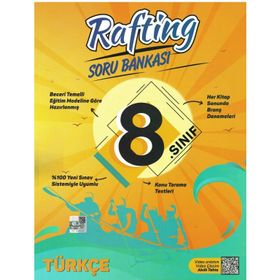 Fikir Bilim 8. Sınıf Türkçe Rafting Soru Bankası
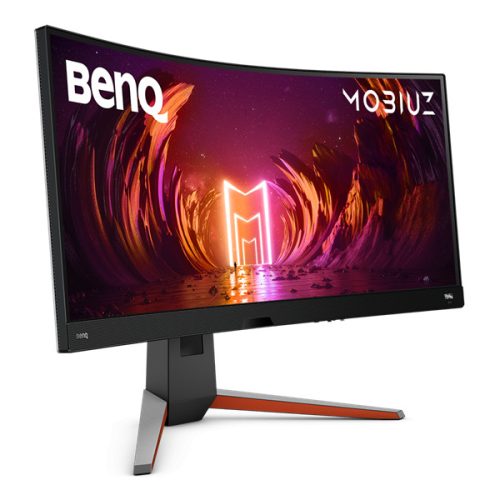 34" BenQ EX3410R MOBIUZ LED gaming ívelt monitor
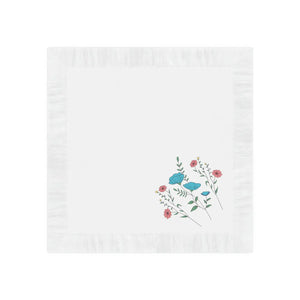 White Coined Napkins – Premium Party Paper - Dipaliz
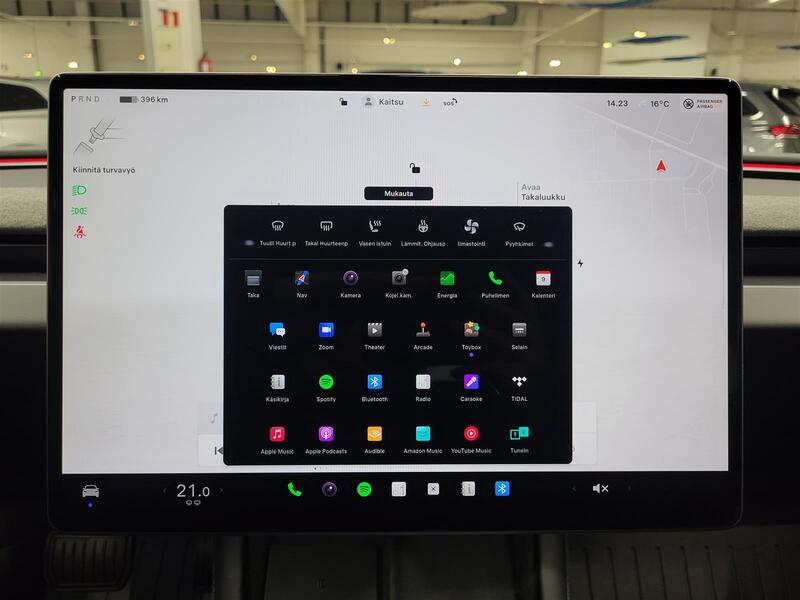 Tesla Model 3 vaihtoauto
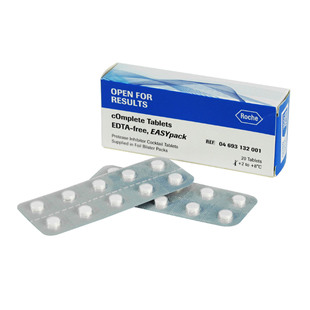 �_��Roche4693132001����EDTA��cOmplete����ø���Ƅ������20Ƭ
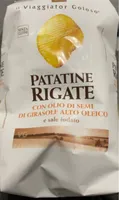 Patatine rigate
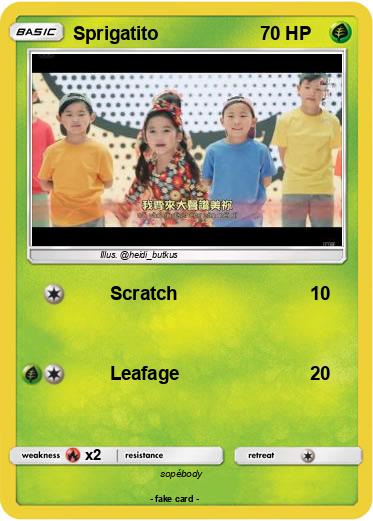 Pokemon Sprigatito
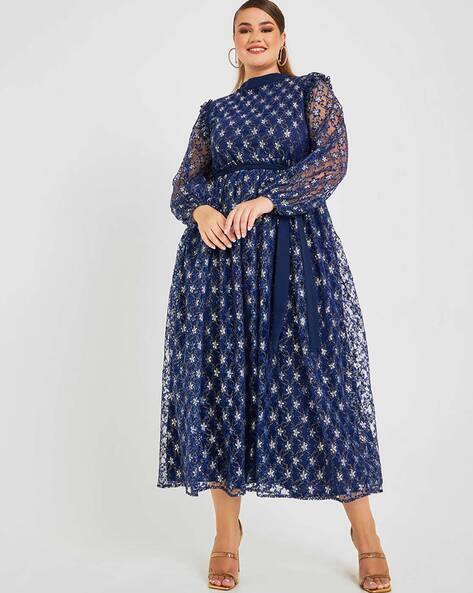 sachin and babi light blue dress Buy Lauder Plus Size Floral Embroidery Bustier A Line Fit and Flare Poofy  Tutu Tulle Wedding Guest Formal Party Cocktail Sleeveless Midi Dress Online  in India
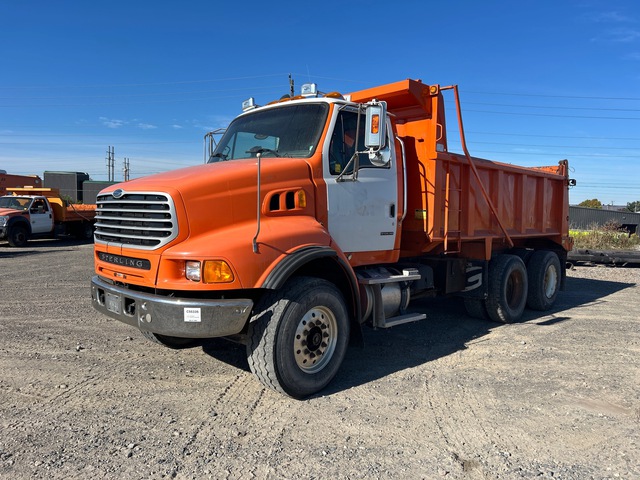 2008 Sterling LT8500 6x4 T/A Dump Truck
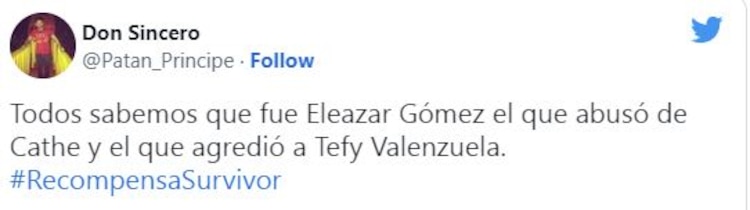 Usuarios acusan a Eleazar Gómez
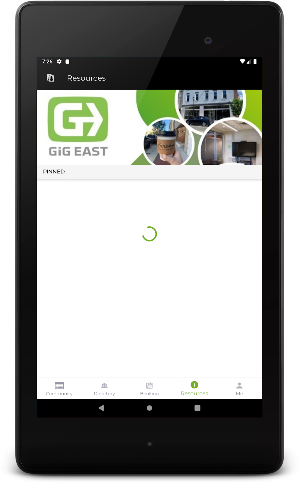 Gig East Exchange Screenshot 3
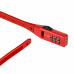 KRYPTONITE zámek Click Lock Combo Lock červená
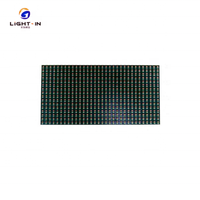 DIP 1r1g / 1r1b Paneles de visualización LED de doble color Módulo LED P10
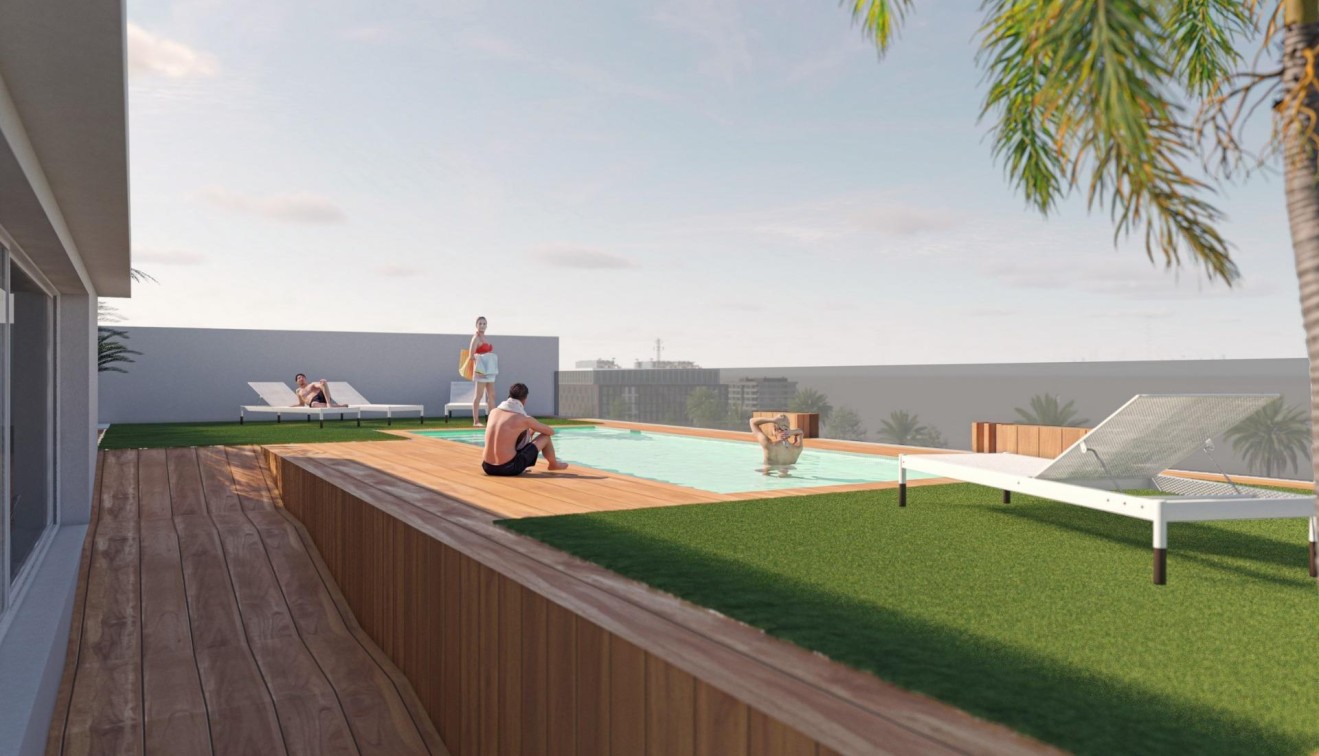 Novostavba - Penthouse - San Pedro del Pinatar - Lo Pagan, San Pedro del Pinatar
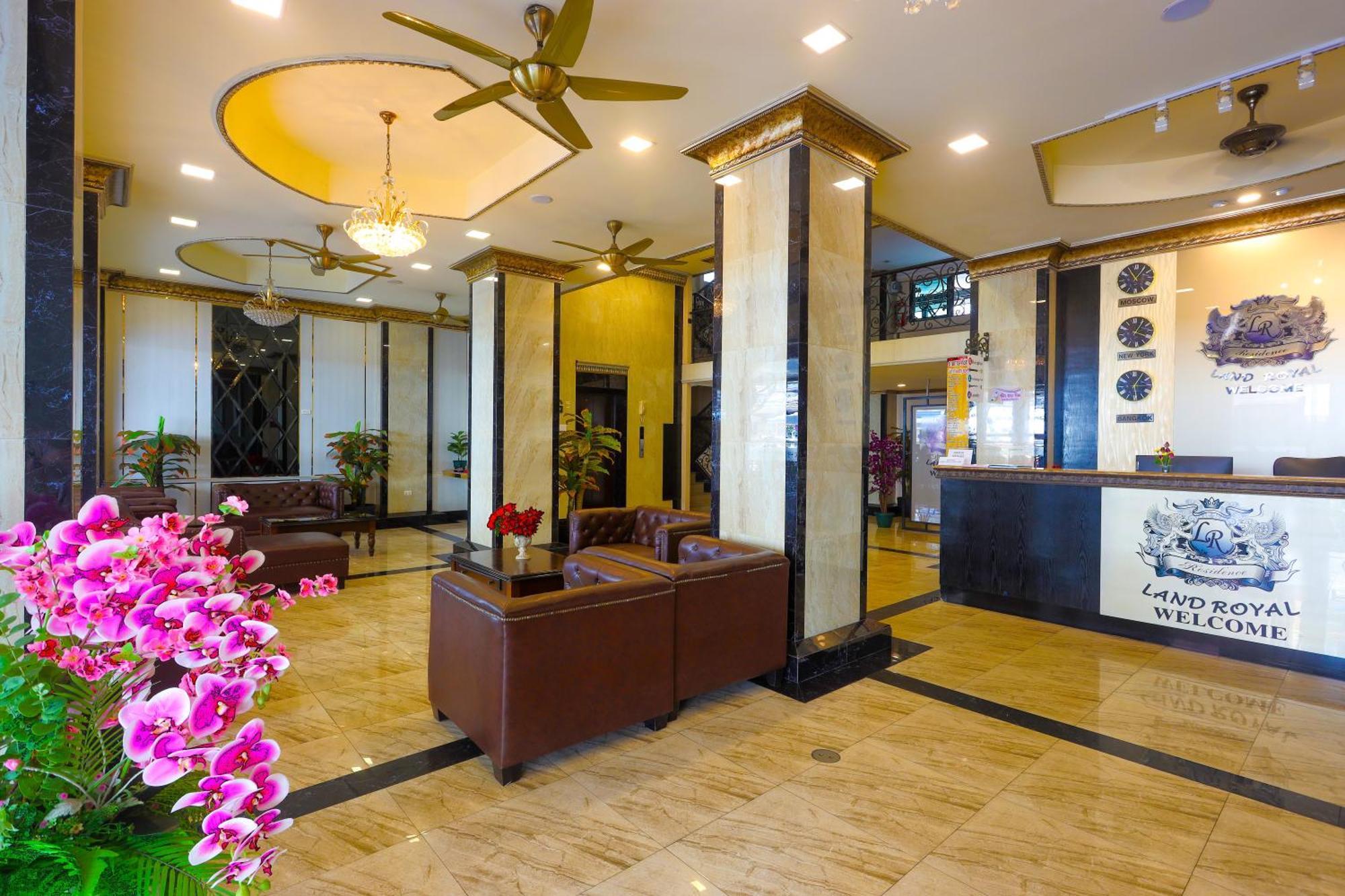 Land Royal Residence Pattaya Zewnętrze zdjęcie
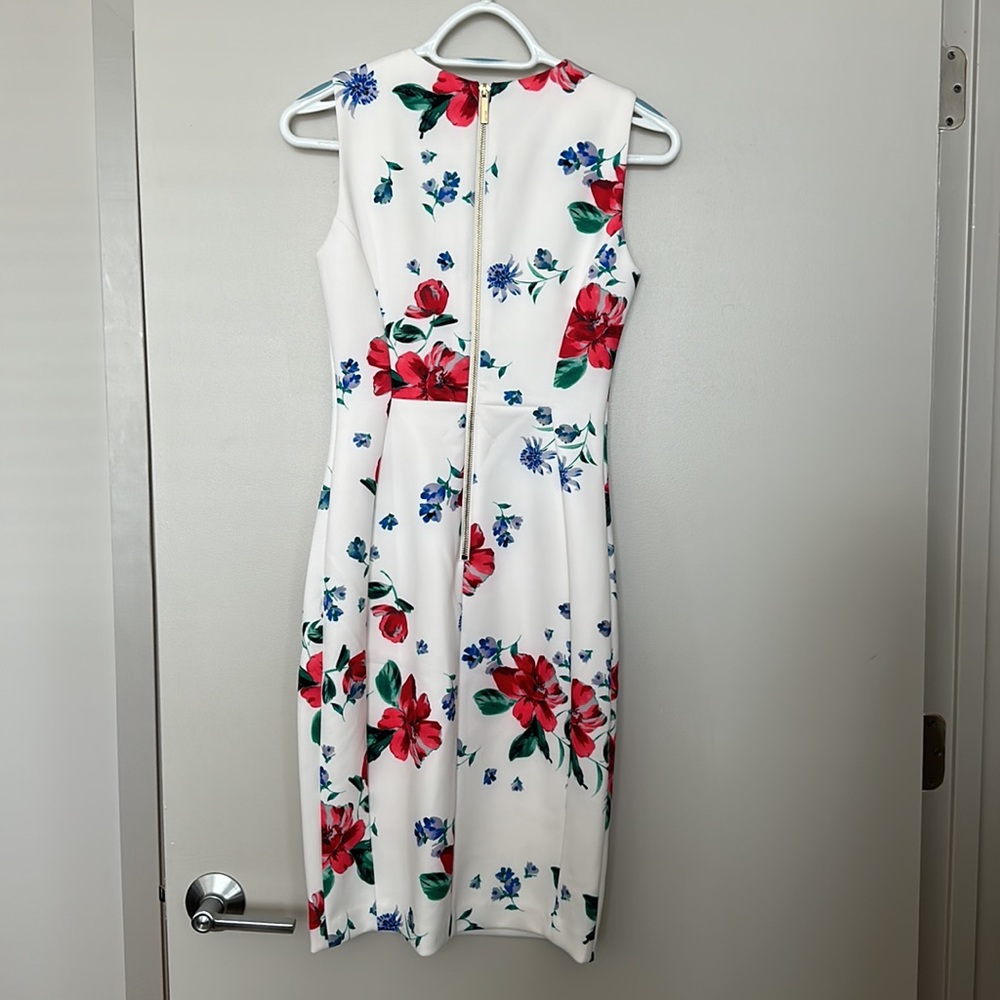 Calvin Klein Sheath Dress - Size 2 - Picture 3 of 8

• Task requirements: Pictures do not belong in the copy; repeat the rest of the listing exactly.

• Written answer:
 Fikir Bilim 8. Sınıf Türkçe Rafting Soru Bankası
 34" BenQ EX3410R MOBIUZ LED gaming ívelt monitor
 White Coined Napkins – Premium Party Paper - Dipaliz
 Tesla Model 3 vaihtoauto
 �_��Roche4693132001����EDTA��cOmplete����ø���Ƅ������20Ƭ
 Patatine rigate
 Pokemon Sprigatito
 sachin and babi light blue dress Buy Lauder Plus Size Floral Embroidery Bustier A Line Fit and Flare Poofy  Tutu Tulle Wedding Guest Formal Party Cocktail Sleeveless Midi Dress Online  in India
 2008 Sterling LT8500 6x4 T/A Dump Truck
 Usuarios acusan a Eleazar Gómez
 Gig East Exchange Screenshot 3
 KRYPTONITE zámek Click Lock Combo Lock červená
 DIP 1r1g / 1r1b Paneles de visualización LED de doble color Módulo LED P10
 Novostavba - Penthouse - San Pedro del Pinatar - Lo Pagan, San Pedro del Pinatar
 Land Royal Residence Pattaya Zewnętrze zdjęcie
 Calvin Klein Sheath Dress - Size 2 - Picture 3 of 8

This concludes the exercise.